In 1949, Lewy-Bertaut read a one-page publication by Clifford G. Shull and J. Samuel Smart, which recovered the magnetic structure of MnO from neutron diffraction and validated Louis Néel's work on antiferromagnetism. In 1953, Lewy-Bertaut secured a Fulbright grant to visit Raymond Pepinski's laboratory at State College, Pennsylvania and accessed the neutron diffraction facilities at the Brookhaven National Laboratory, where he acquainted himself with neutron experiments under the guidance of Lester Corliss and Julius Hastings. Upon returning to Grenoble, Lewy-Bertaut was placed in charge of the development of the military facility Polygone d'Artillerie (now Polygone Scientifique) into a neutron research center, which later became the Institut Laue-Langevin, an international research facility collaboratively funded by the French and German governmental agencies. Lewy-Bertaut was CNRS research director in 1956 and the scientific director of CNRS in 1961.

== Research ==
Lewy-Bertaut made an enormous contributions to magnetic and neutron crystallography, including the use of group theory in describing magnetic structures. When the International Union of Crystallography (IUCr) decided to finalize the volume on the symmetry of space groups in the International Tables of Crystallography, he was a member of the ad hoc committee and contributed in particular to the definition of magnetic groups. He used the symmetry of crystals to propose all possible magnetic structures. This "Bertaut method" was very useful for complex structures. Lewy-Bertaut also developed what is known as structure factor algebra and solved the structure of complex compounds such as the non-stoichiometric pyrrhotite.

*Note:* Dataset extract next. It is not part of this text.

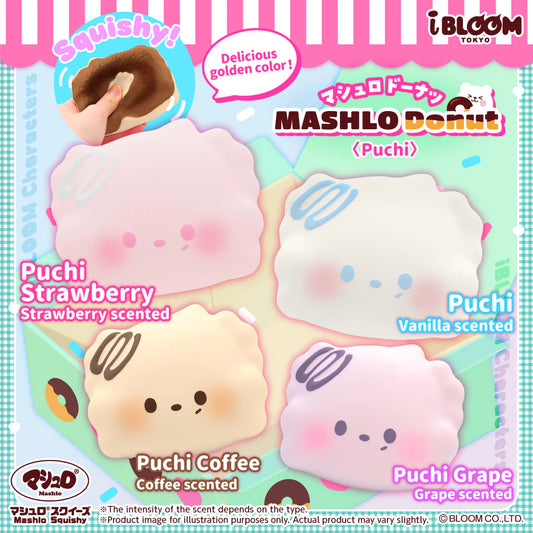 iBloom Squishy Mashlo Donut Puchi Kawaii Soft Scented Slow Rising Stress Relief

== Honors and distinctions ==
Lewy-Bertaut was a member of the IUCr executive committee between 1975 and 1981. He was co-founder of its "Neutron Diffraction" commission and co-founder and chairman of its "International Tables" and "Charge, Spin and Momentum Density" commissions. He was the IUCr representative on the Solid State Commission of the International Union of Pure and Applied Physics (IUPAP) between 1966 and 1972 and was secretary and then chairman of the Solid State Physics Section. He was editor or co-editor of numerous scientific journals. From 1958 to 1982, he was scientific advisor to various institutes, including the Commissariat à l'Energie Atomique (CEA), CNRS, ILL, and the Max Planck Institute for Metal Research in Stuttgart.

Lewy-Bertaut received the CNRS Silver Medal in 1959. He received the Knight of the Legion of Honour and Commander of the National Order of Merit. In 1979, Lewy-Bertaut was elected a full member of the Académie des Sciences. In 1986, Lewy-Bertaut received the Gregori Aminoff Prize from the Royal Swedish Academy of Sciences.